I gave a shaky, unconvincing laugh.
“I know it ain’t you,” he said, after a moment. “But it ain’t nuffin to be scared of.”
“Fear isn’t rational.”
He nodded. “We’ll be cheering you on all the way.”
I raised a brow. “And wanting to do me?”
“Always, babes. It don’t matter what you’re wearing.”
Heedless of Chloe’s warning, I kissed him. It was a claggy business.
When we unstuck our mouths, Darian was laughing. “I fink we just swapped lip gloss.”
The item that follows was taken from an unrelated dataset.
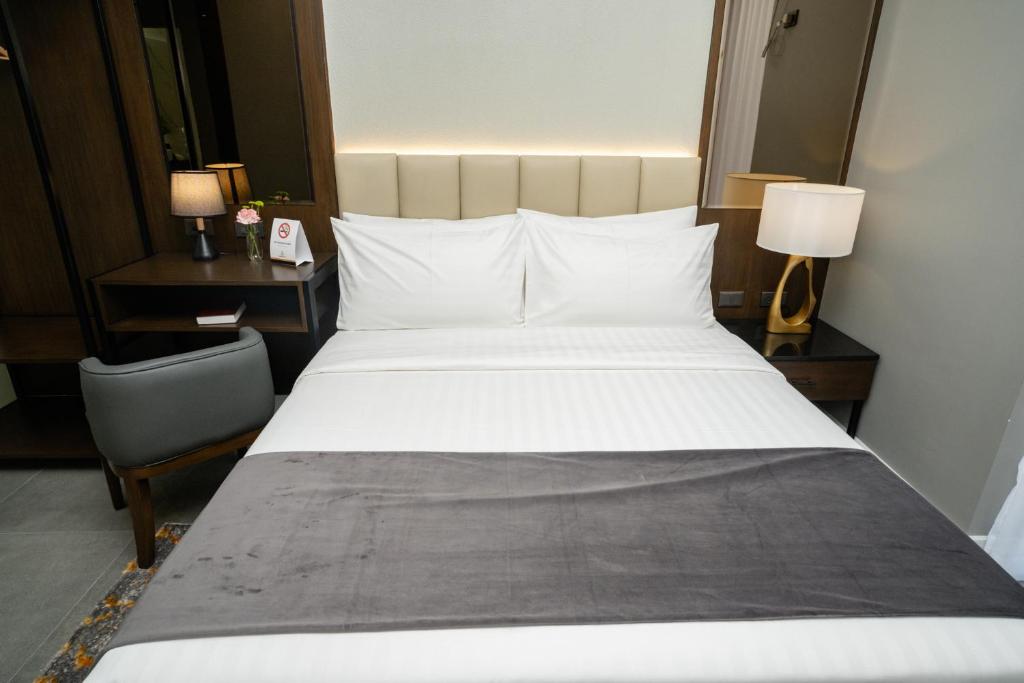 Postel nebo postele na pokoji v ubytování Amber Hotel - Cebu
The next twenty minutes of my life rushed by like motorway traffic and I had no idea how I got through them. The only thing I could recall with any certainty was the heat of Darian’s hand holding mine. Backstage at a fashion show, it turned out, was madness without method. Nothing but shouting and running, a tornado of light and chaos and shoes. It was impossible to understand what was happening, but somehow things came together. And the models, who had been dishevelled and borderline hysterical in the seconds before, glided onto the runway like swans.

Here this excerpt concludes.